Patil submitted his resignation to Governor H.R. Bhardwaj in view of the controversy, though he said his wife would surrender the plot the couple had bought in her name.
A Raj Bhavan spokesperson told IANS, "Justice Patil met the governor and has given a letter. We are yet to hear from the governor".
Patil had earlier denied any wrong-doing in buying a 4,012 sq feet plot in his wife Annapurna’s name from Vyalikaval House Building Cooperative Society (VHBCS) near Nagavara on Bangalore's outskirts in 2006.
This plot was bought even though Patil owned a house in Bangalore.
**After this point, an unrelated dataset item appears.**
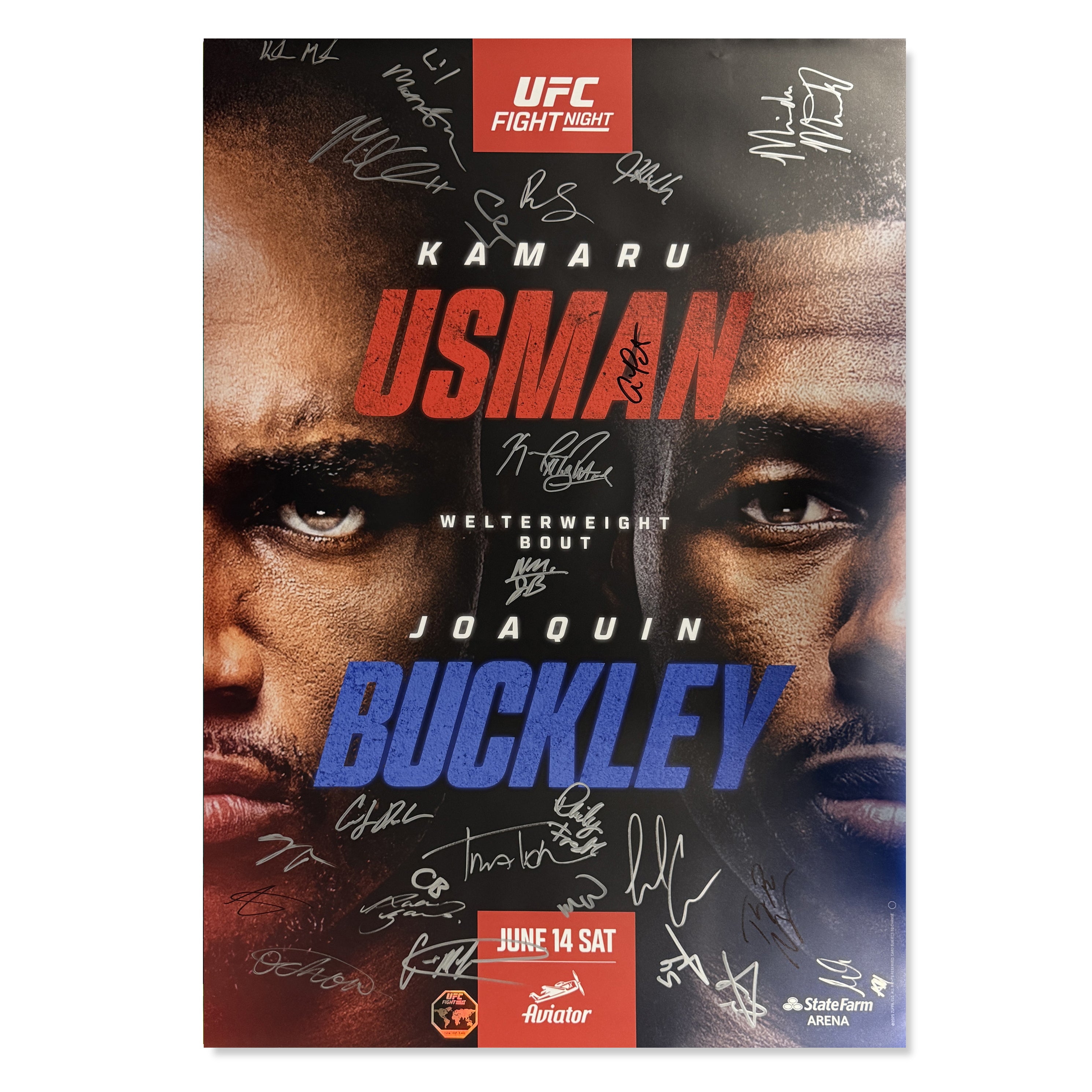 UFC Fight Night: Usman vs Buckley Autographed Event Poster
He got in 1994 a 9,600 sq ft site from the Karnataka State Judicial Department Employees’ House Building Cooperative Society at Allasandra in another part of Bangalore's outskirts.
The cooperative housing society rules state that people who own a plot or a house in a city are not eligible to get another plot from a housing society as the plots are sold at prices much lower than in the market for the members of the society.
Patil’s contention is that his wife was not allotted a plot by the Vyalikaval Society and it was bought in an auction.
Patil is the sixth Karnataka Lokayukta, the anti-graft institution that was set up in 1986, making Karnataka the first state do so.
Earlier, Patil had been appointed by Communications Minister Kapil Sibal as on-man panel to probe the telecom policies and procedures followed during 2001-2009, including during the BJP-led National Democratic Alliance (NDA) regime, and assess whether they were followed in a transparent manner.
Patil submitted his report Jan 31.
The first Karnataka Lokayukta was A.D. Koshal, a retired judge of the Supreme Court.
However, it was during the tenure of the fourth Lokayukta N. Venkatachala (2001-2006) that the ombudsman became highly active with frequent raids on government offices across the state to detect graft.
Hegde carried on Venkatachala’s work and topped his five-year tenure, that ended Aug 2 this year, with a report on massive illegal mining scam in the state leading to the fall of the Yeddyurappa government.